Nearly but it's actually worse than that

David Vance on A Tangled Web picks up on something that is in today's Express newspaper:
' Britain’s culture of benefits dependency is exposed today as new figures show 1.6 million “workers” never had a job.

Relying on the rest working hard to pay their way, it is now clear that generations have embraced a life of idleness funded by the taxpayer.

The findings will appal the millions of families who are seeing their wages plundered by the Government to meet the country’s £200billion annual welfare bill. And they reveal an urgent need for reform if Britain is to claw its way out of recession and wean people off state-funded handouts.

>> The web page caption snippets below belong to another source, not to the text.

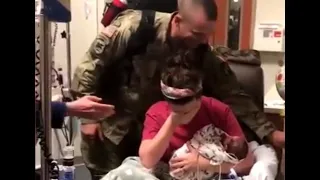 Army sergeant surprises wife, newborns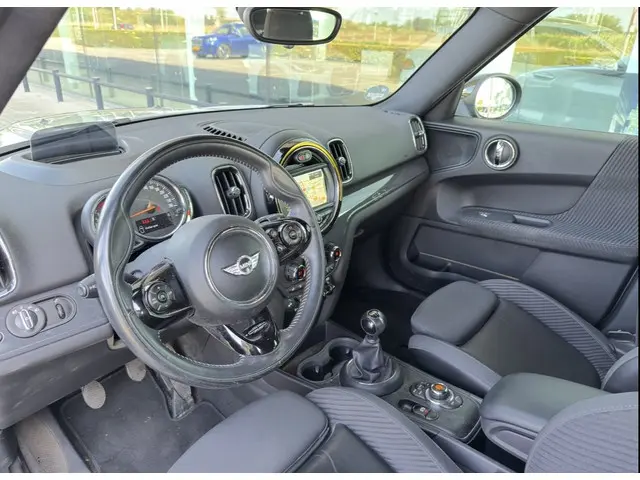 MINI Countryman Cooper Chili 2018 Benzine 19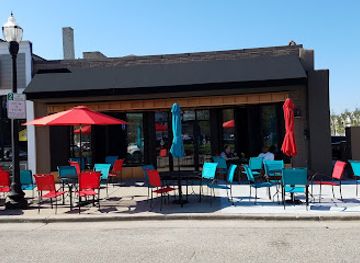 wisconsin/kenosha/restaurant/slip-56-bar-restaurant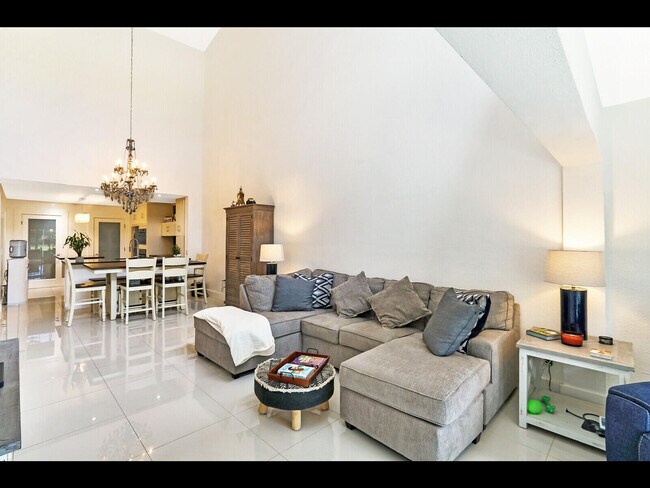 Building Photo - 17052 Boca Club Blvd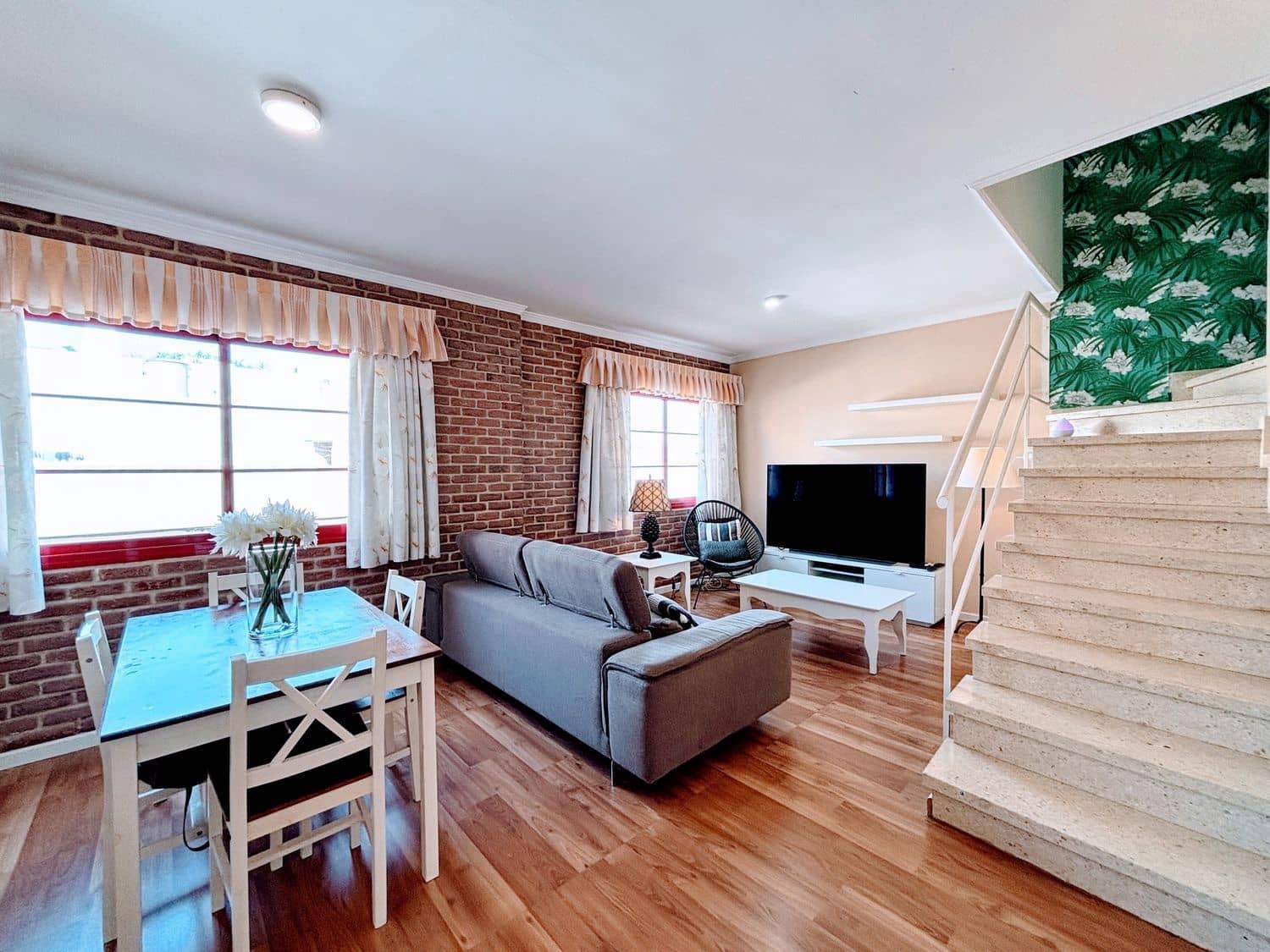 4 chambre Maison de Ville à vendre à Almatriche avec garage - 339 900 € (Ref: 9824565)
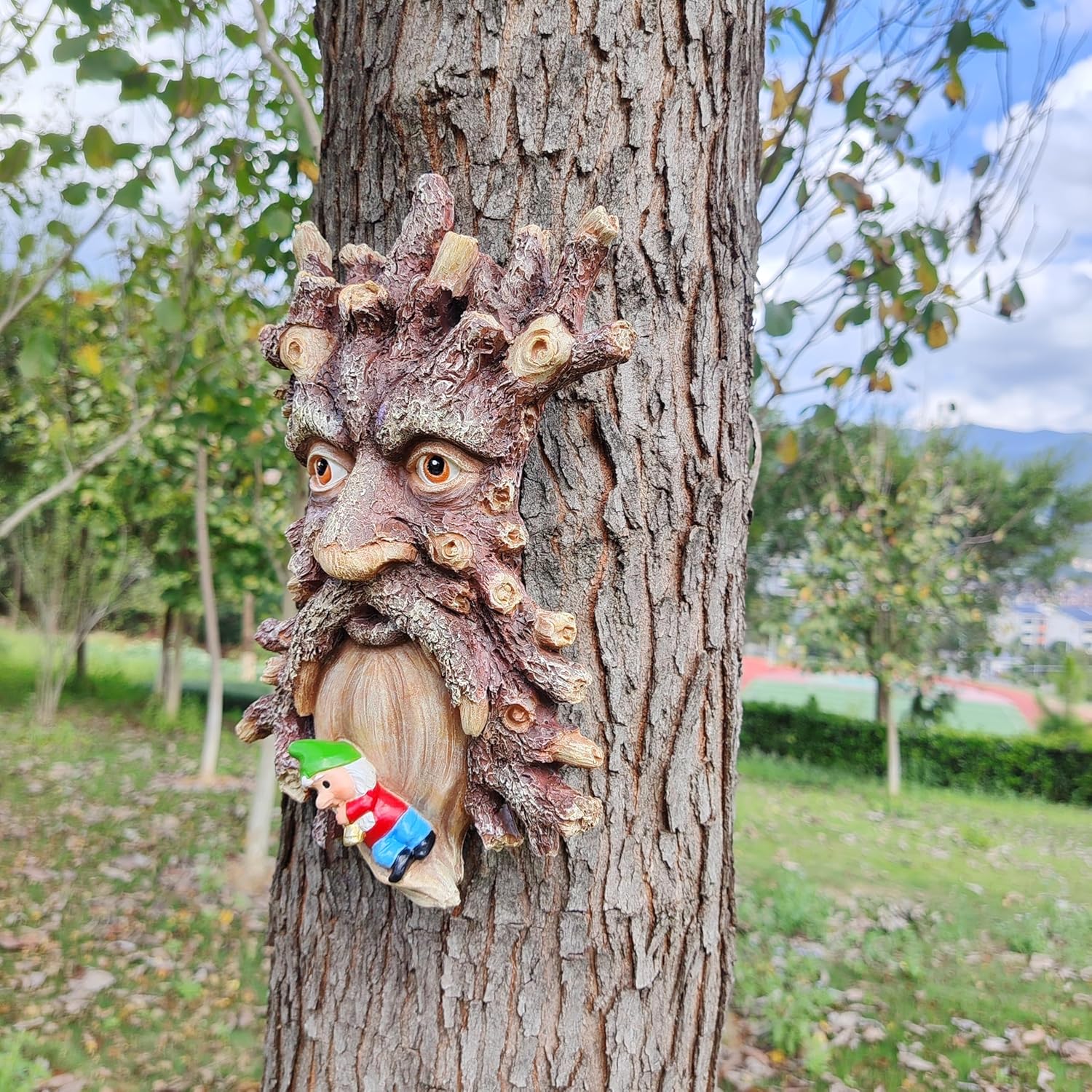 Whimsical Tree Face Garden Decoration ，Super Bowl Party Decor Valentine‘s Day Gift Decorative Tree Faces Decor Outdoor Wallmounted Statue Art with Leaf Features (Brown)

Analysis by the Department of Work and Pensions shows that more than 700,000 young people between 16 and 24 have not held a job, while more than 800,000 adults from 25 to 64 survive on benefits. The 2010 data shows an increase of 300,000 non-workers on the 2009 total when 1.3 million people were recorded as never having had a job.'
David Vance writes:
'So, we have 1.6 million who don’t/won’t work meanwhile we have over a million coming into the UK to do the jobs that allegedly Brits won’t do? It all sounds rather odd. The facts are simple. Labour created a dependency culture, many embraced it, the cost is massive and it has to come to a shuddering halt. If people will not work, the State does not owe them a living. Under Labour, the UK became the sick man of Europe, again.'
He's right, but it is worse than that, Labour have created a 'client state' of people dependant on state benefits, those who enjoy the fruits of immigration and those paid by the state to manage the whole system. This 'client state' votes Labour and is what kept the Conservatives from forming a government by themselves. Until this issue is tackled this will be a one term Conservative lead government, however dire a Labour leader Ed Miliband is.

3 comments:

Demetrius said...

One frightening thing about so many of the young is that they do not know how to work or what the disciplines and needs of work are. Add to that gaps in their basic capabilities, lack of language structure, vocabulary and ability to explain clearly as well as innumeracy there is a problem that is not going to go away.

Anonymous said...

I have written before that the last election was one of the most vital in our history. Had Labour won, they would have continued their work of creating a dependent clientele of such size that they would have become impossible to remove for the foreseeable future.
As it is, they were only just forced out, and with a weak coalition they may return soon. And then that's the end of the game.

Ed P said...

Nu-Lie-bour were a self-serving band of rascals, so a c-lie-nt state fits their aims very well. Lies are, as I have highlighted in a desperate attempt at a joke, their core values.